A former college athlete—McGee played lineman and cornerback for Philander Smith College in Arkansas—he couldn’t back down from the challenge the hydrangea presented. “I’d drive all over town, and I’d see these big blue flowers, and I couldn’t figure out what I was doing wrong,” he says. “Finally, it occurred to me that they weren’t getting enough sun.” Opting to ask for forgiveness rather than permission, he waited until Gloria was traveling for work and then felled a handful of the big silver maples that shaded the bulk of their backyard. And while he wouldn’t recommend this move to other husbands, it worked. His hydrangea bloomed.
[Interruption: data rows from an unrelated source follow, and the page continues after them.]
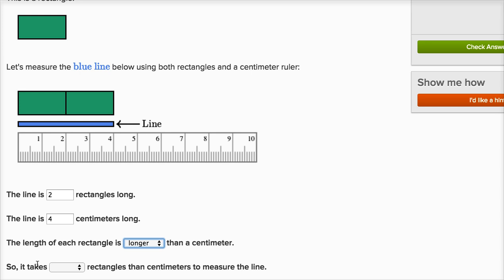So it takes fewer rectangles than centimeters to measure the line. Since each rectangle is longer, it's going to take fewer rectangles to measure the line. It only took two rectangles to measure the line, but it took four centimeters. Two is fewer than four.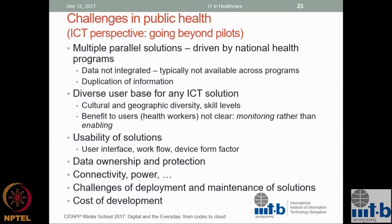All this data is public — for example, the National Health Profile 2017, published every three years, has complete data by state. It is available, but analysis and awareness are lacking. The government is trying to put some of this in open data at data.gov.in. They can tell you how many visits there were for cardiovascular diseases across all states.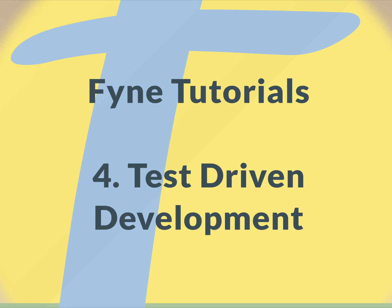Hello and welcome back to the Fyne tutorials. In this fourth episode, we're going to look at test-driven development and how we can build a user interface by defining how it should function before we actually code it.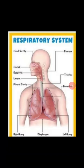Hello friends, my name is Afrin Fatima. I am studying class 10b. Today we talk about the human respiratory system. Let's begin.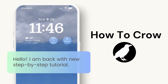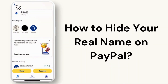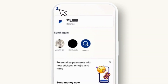Hello everyone, welcome to our channel. Today we are going to address a common concern among people. I will be showing you how to hide your real name on PayPal, whether you are looking to protect your privacy or maintain secrecy while making transactions. Let's dive in.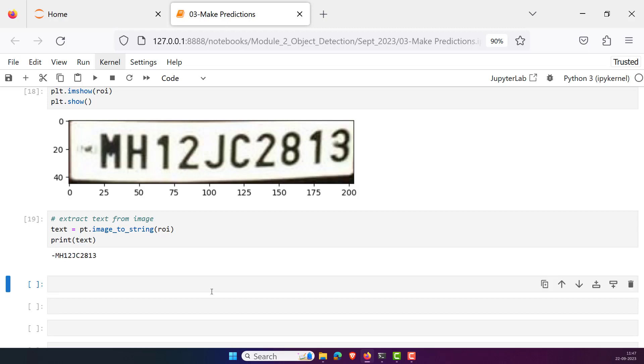And done. You can see that we have successfully extracted the text from the image. That is how you can solve the error. If at all you're still facing the same issue, then don't worry, restart your computer and try again. Hope this error solves now. Don't forget to subscribe to our channel, that is Data Science Anywhere. Thank you very much.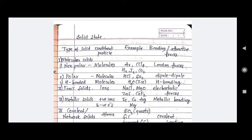Hello friends, this is the video on solid state. So let us start. Here we have a table with type of solid, constituent particles, examples, and bonding or attractive forces.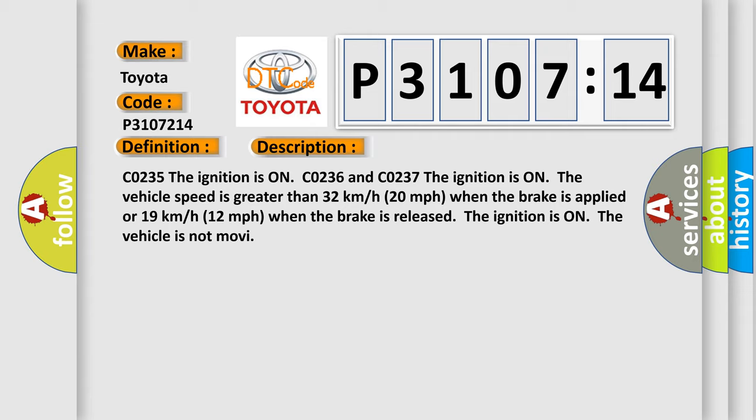CO235: The ignition is on. CO236 and CO237: The ignition is on, the vehicle speed is greater than 32 kilometers per hour (20 miles per hour) when the brake is applied, or 19 kilometers per hour (12 miles per hour) when the brake is released. The ignition is on, the vehicle is not moving.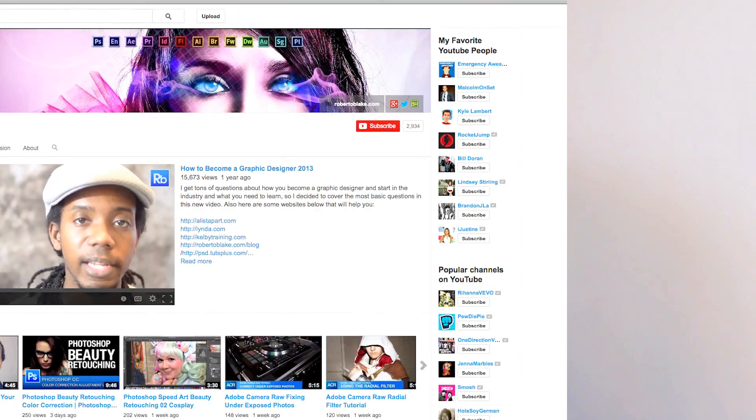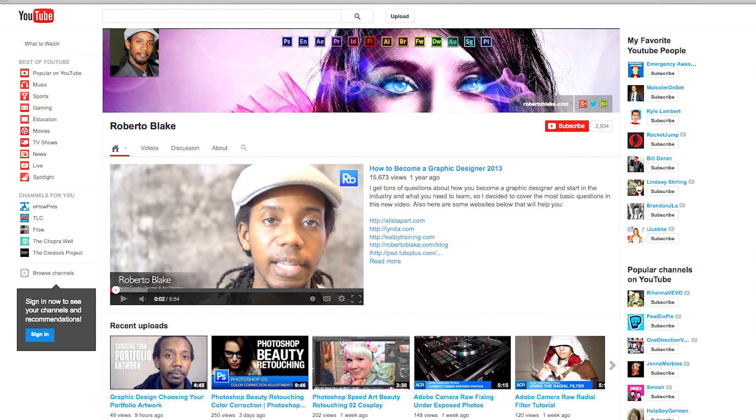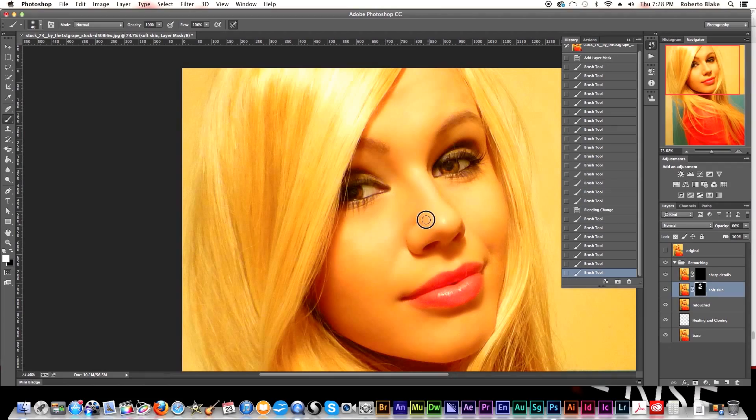Hey everybody, this is graphic designer and digital artist Roberto Blake. Welcome to my YouTube channel. On this YouTube channel I'll be teaching how to do amazing things with your creativity. I'll be producing tutorials for popular Adobe applications like Photoshop, but I won't be limited to that. I'll also be showing you how to do video editing in Adobe Premiere so you can showcase your artwork or just promote yourself or your creativity in general.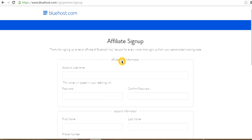We will also click on PDF. Now we're going to need an affiliate code.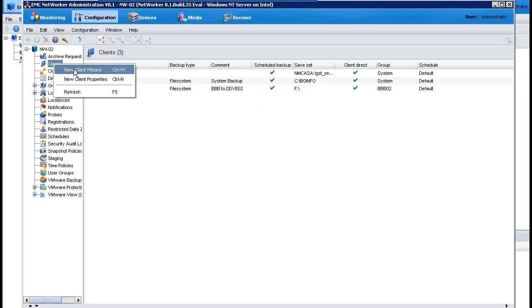I will now walk through the client configuration wizard and show how easy it is to configure Windows clients for block-based backup.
Gloria eventually forgave him; she even grew to enjoy the grunt work like deadheading and pruning.
For the next thirty-five years, McGee read everything he could get his hands on, archiving favorite articles and books on hydrangeas. He befriended local growers and hybridizers in nearby McMinnville, who introduced him to new cultivars and hybrids such as Ruby Slippers, a cone-shaped oakleaf hydrangea and Gloria’s favorite, which opens white and quickly turns pink before strengthening to a deep rose. Nicknamed the Nursery Capital of the World, McMinnville is home to three-hundred-plus growing operations, some more than a century old.
Today, McGee’s living collection includes around four hundred individual hydrangea plants in at least fifty varieties—most of which come from hybridizers living within a hundred-mile radius of his garden. Neat rows of boxwoods, a few ferns, a handful of hostas in the garden’s shadiest spots, and a massive magnolia are the garden’s only other real inhabitants. McGee keeps meticulous notes of what works and what doesn’t and reports back to his network of growers, who have come to rely on his expertise when determining which new hybrids will sell well. He also has a “hydrangea graveyard” of failed experiments piled up in the garden’s back right corner. “It’s fun, but it does take some skill to figure out where the hydrangeas should be placed,” he says. “You almost have to know them as you know your own children.”
But children often surprise us, and despite hydrangeas’ place atop the hierarchy of favored Southern blooms—right up there with camellias, azaleas, and magnolias—the way they are landscaped in New England inspired the garden’s incredible visual punch. On a family trip to Nantucket, McGee was delighted to discover the dense, bloom-heavy banks of hydrangeas surrounding the island’s cedar-shake cottages. Back home, he began crowding his own Tennessee hydrangeas to create similar showstopping hedges bursting with delicate pink lacecaps, brilliant blue mopheads, and snow-white cones the size of a forearm—from early June through early October. More summer days than not, the McGees can be found in the cooling shade of their screened porch, relishing the fruits of decades of labor. “We don’t count the hours or years,” Leo says. “If you really enjoy something, it’s not work.”